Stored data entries
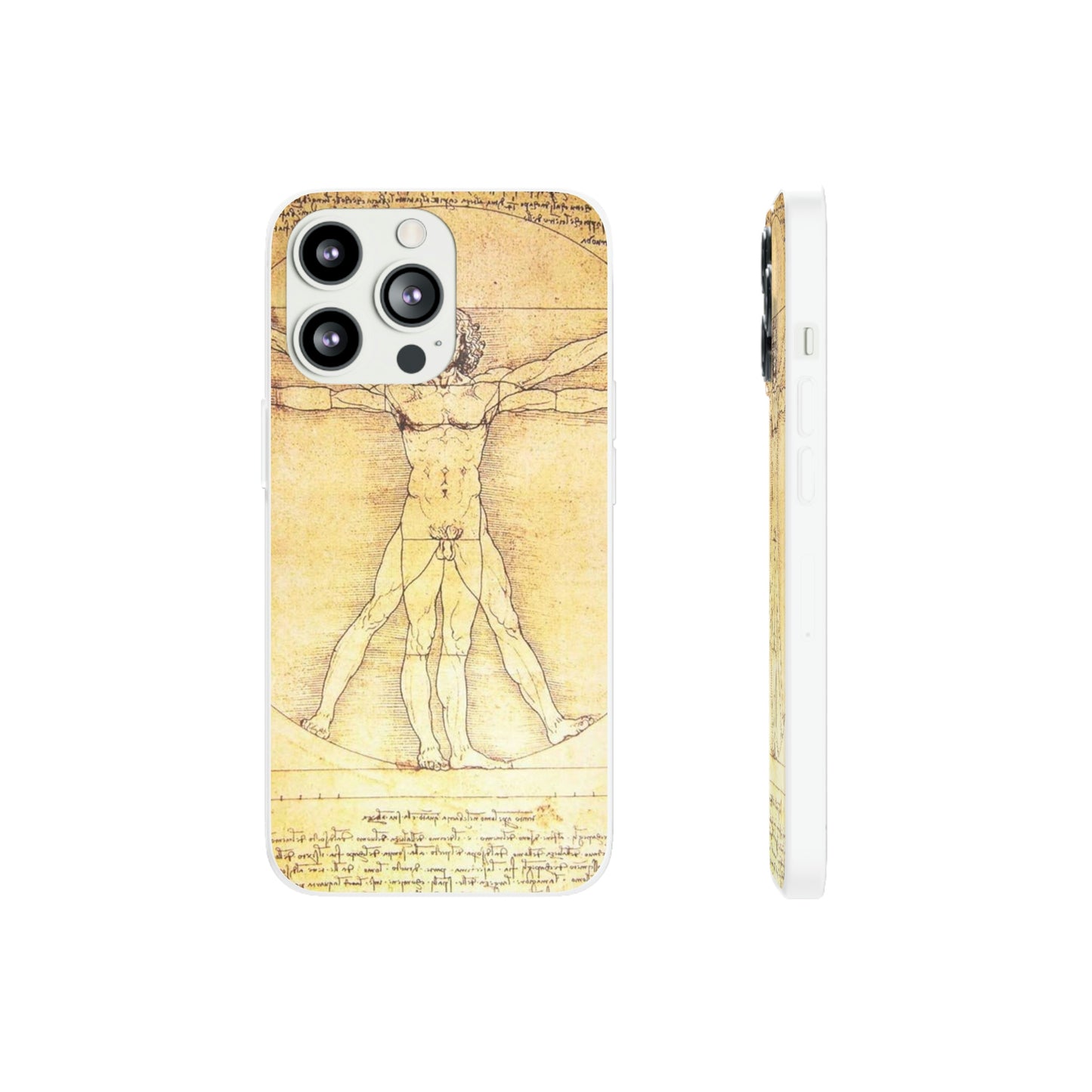 Leanordo Phone Flexi Case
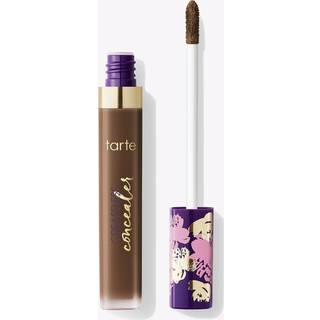 Tarte - Maracuja Creaseless Concealer - 60n Mahogany (8 G) - For Women - Brun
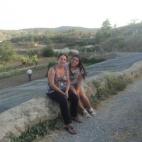 Según Isabel, "mi mejor apuesta en la vida" https://twitter.com/buhoquetemira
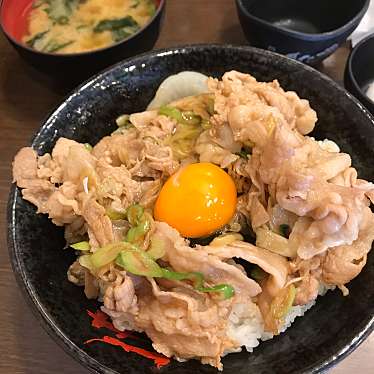 実際訪問したユーザーが直接撮影して投稿した亀戸丼ものすた丼屋 亀戸店の写真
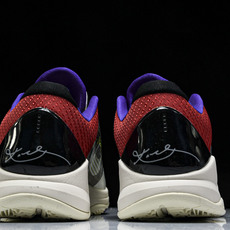 纯原NK Kobe 5 Protro PJ Tucker PJ·塔克 CD4991-004 #YZ015 纯原NK Kobe 5 Protro PJ Tucker PJ·塔克 CD4991-004 #YZ015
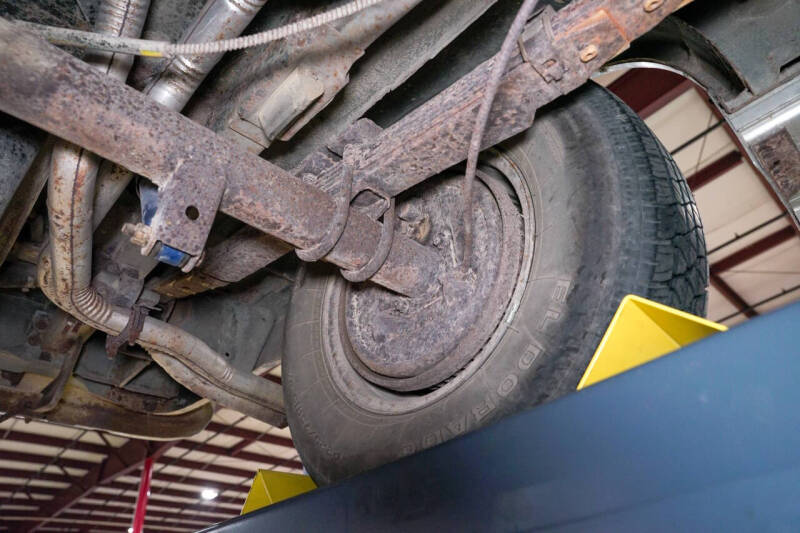 1984 Chevrolet Sportvan G20 Beauville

**Task requirements:** Leaving images out, please output every line of the data exactly.

**Result of the exercise:**
 Leanordo Phone Flexi Case
 Tarte - Maracuja Creaseless Concealer - 60n Mahogany (8 G) - For Women - Brun
 Según Isabel, "mi mejor apuesta en la vida" https://twitter.com/buhoquetemira
 実際訪問したユーザーが直接撮影して投稿した亀戸丼ものすた丼屋 亀戸店の写真
 纯原NK Kobe 5 Protro PJ Tucker PJ·塔克 CD4991-004 #YZ015 纯原NK Kobe 5 Protro PJ Tucker PJ·塔克 CD4991-004 #YZ015
 1984 Chevrolet Sportvan G20 Beauville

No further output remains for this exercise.